◆ DATA BELOW ◆

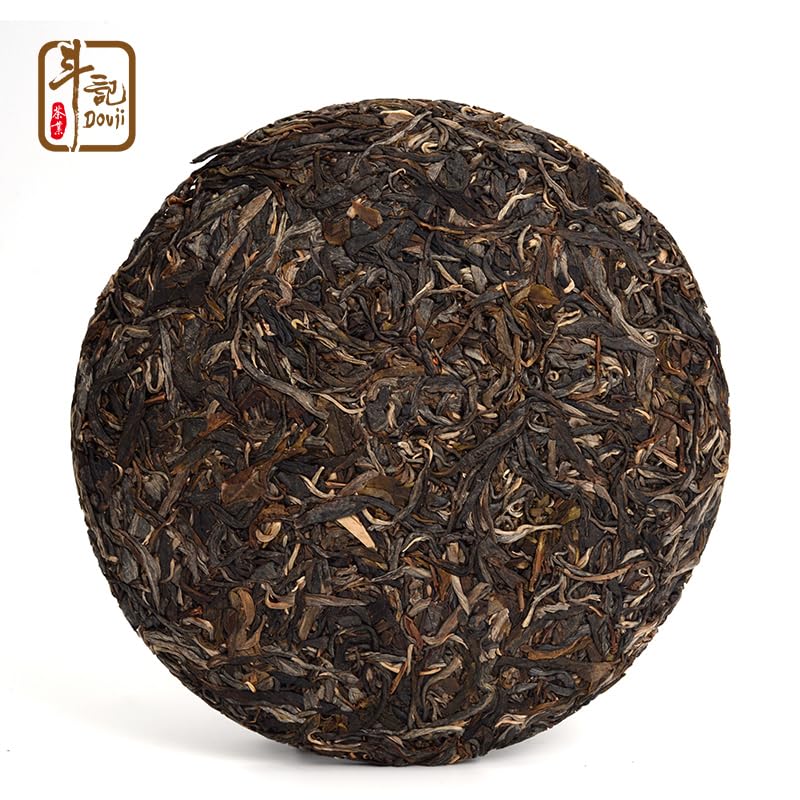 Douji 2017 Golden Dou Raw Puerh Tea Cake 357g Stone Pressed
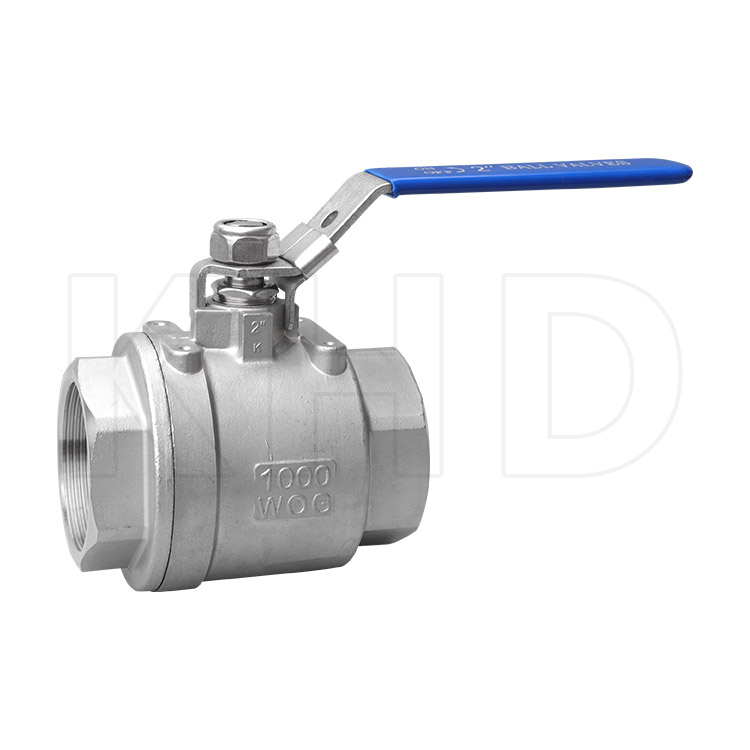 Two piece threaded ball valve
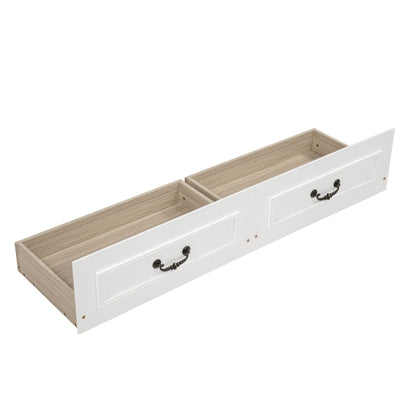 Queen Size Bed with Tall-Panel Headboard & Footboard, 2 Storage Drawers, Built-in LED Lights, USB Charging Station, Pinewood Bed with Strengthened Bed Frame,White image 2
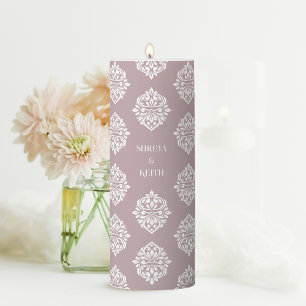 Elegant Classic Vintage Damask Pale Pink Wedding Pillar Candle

◆ EXERCISE AIM ◆
Word for word, restate the whole listing and drop the images.

◆ RESULT OF THIS EXERCISE ◆
 Douji 2017 Golden Dou Raw Puerh Tea Cake 357g Stone Pressed
 Two piece threaded ball valve
 Queen Size Bed with Tall-Panel Headboard & Footboard, 2 Storage Drawers, Built-in LED Lights, USB Charging Station, Pinewood Bed with Strengthened Bed Frame,White image 2
 Elegant Classic Vintage Damask Pale Pink Wedding Pillar Candle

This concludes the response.